**Your instructions:** Begin at the line containing "Britische graue Katze — Stockfoto" in the records below, end at the line containing "MLS #24-817 image #21", and retype each line in that span exactly. No other line and no image should appear.

───── The data

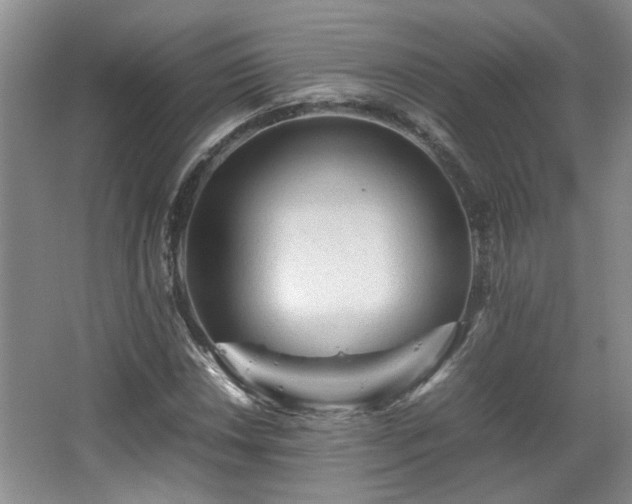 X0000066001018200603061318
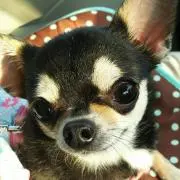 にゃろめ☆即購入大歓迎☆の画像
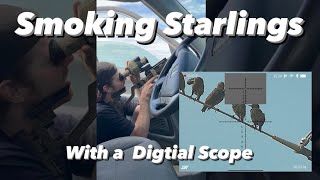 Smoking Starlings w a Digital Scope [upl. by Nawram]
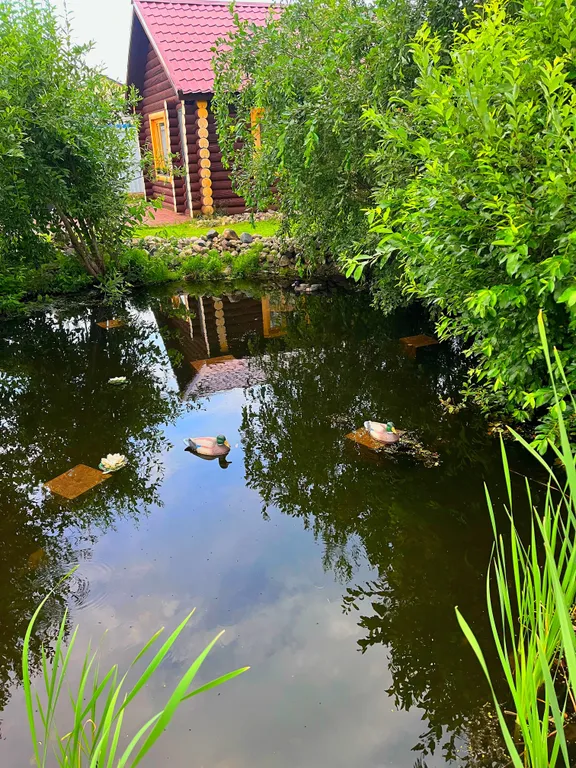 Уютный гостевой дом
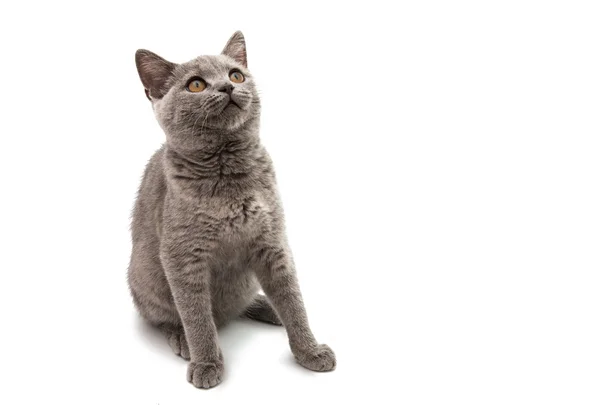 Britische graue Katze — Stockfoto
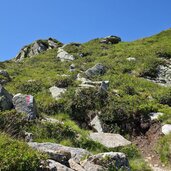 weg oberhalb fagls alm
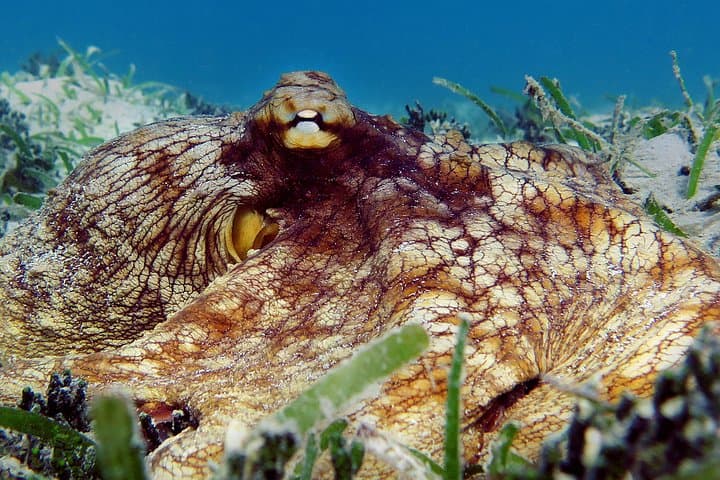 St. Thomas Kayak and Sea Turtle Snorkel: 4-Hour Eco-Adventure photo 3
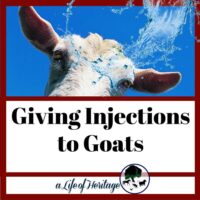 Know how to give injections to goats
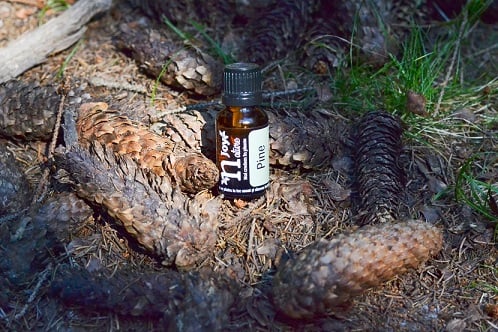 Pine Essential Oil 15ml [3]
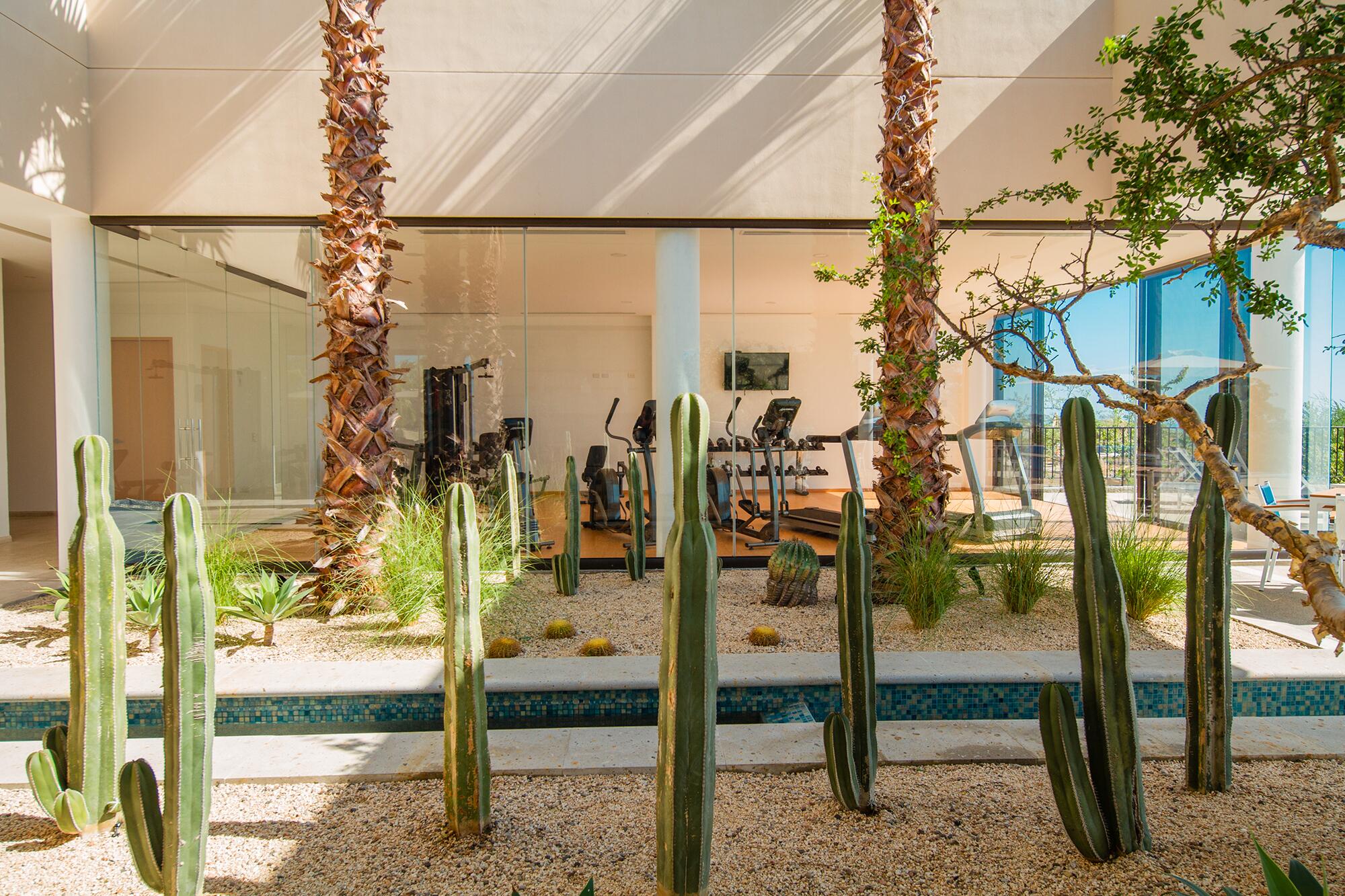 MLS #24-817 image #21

──────────
───── The data

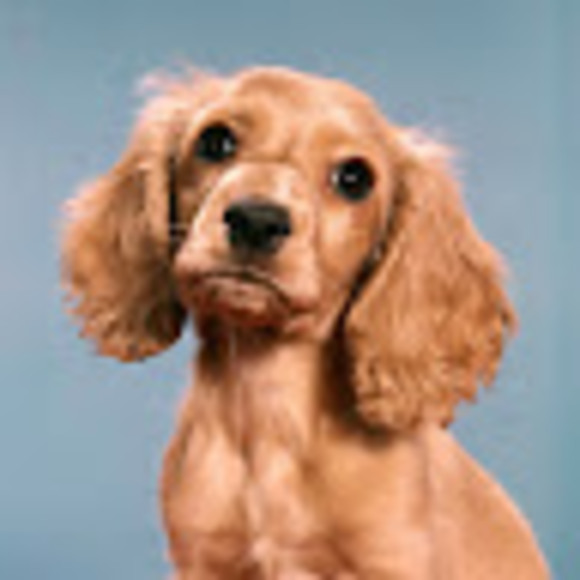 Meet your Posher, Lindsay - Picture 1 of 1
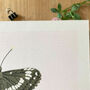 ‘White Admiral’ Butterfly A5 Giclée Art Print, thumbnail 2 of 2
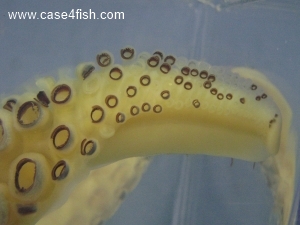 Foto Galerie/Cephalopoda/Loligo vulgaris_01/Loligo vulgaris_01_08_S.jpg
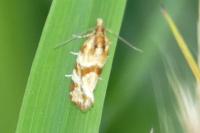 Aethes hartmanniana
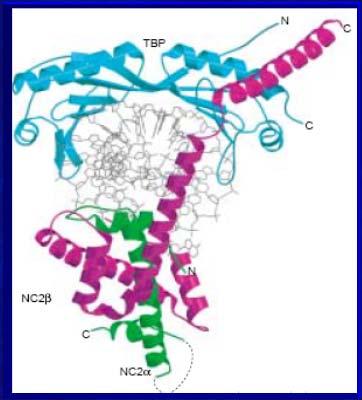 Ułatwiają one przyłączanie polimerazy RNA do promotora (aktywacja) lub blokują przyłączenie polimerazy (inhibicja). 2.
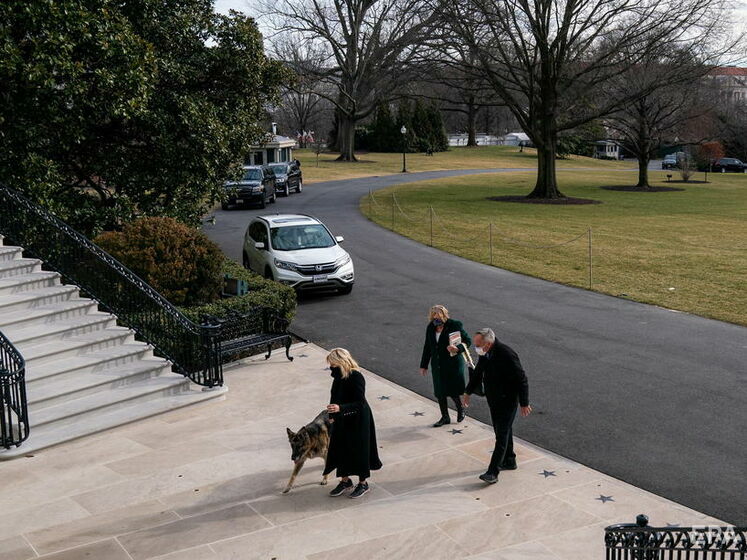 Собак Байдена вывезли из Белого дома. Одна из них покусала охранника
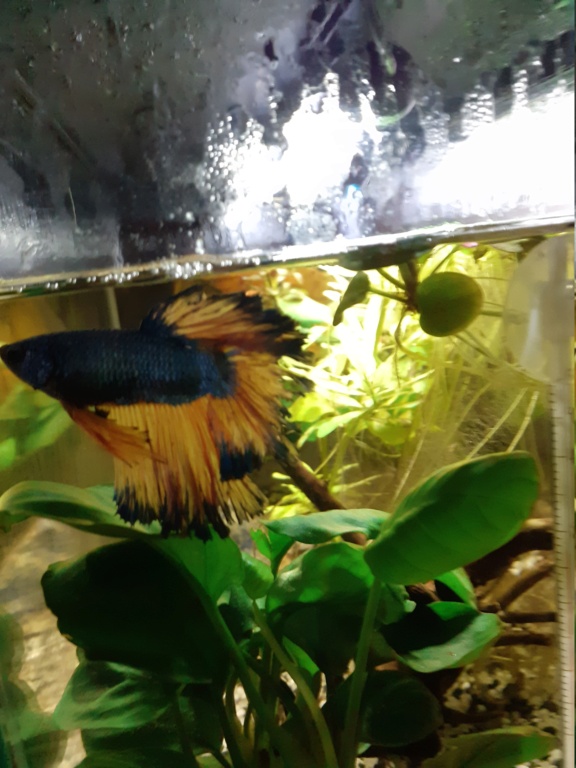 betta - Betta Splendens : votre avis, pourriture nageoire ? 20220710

──────────

**Expected output:**
 Britische graue Katze — Stockfoto
 weg oberhalb fagls alm
 St. Thomas Kayak and Sea Turtle Snorkel: 4-Hour Eco-Adventure photo 3
 Know how to give injections to goats
 Pine Essential Oil 15ml [3]
 MLS #24-817 image #21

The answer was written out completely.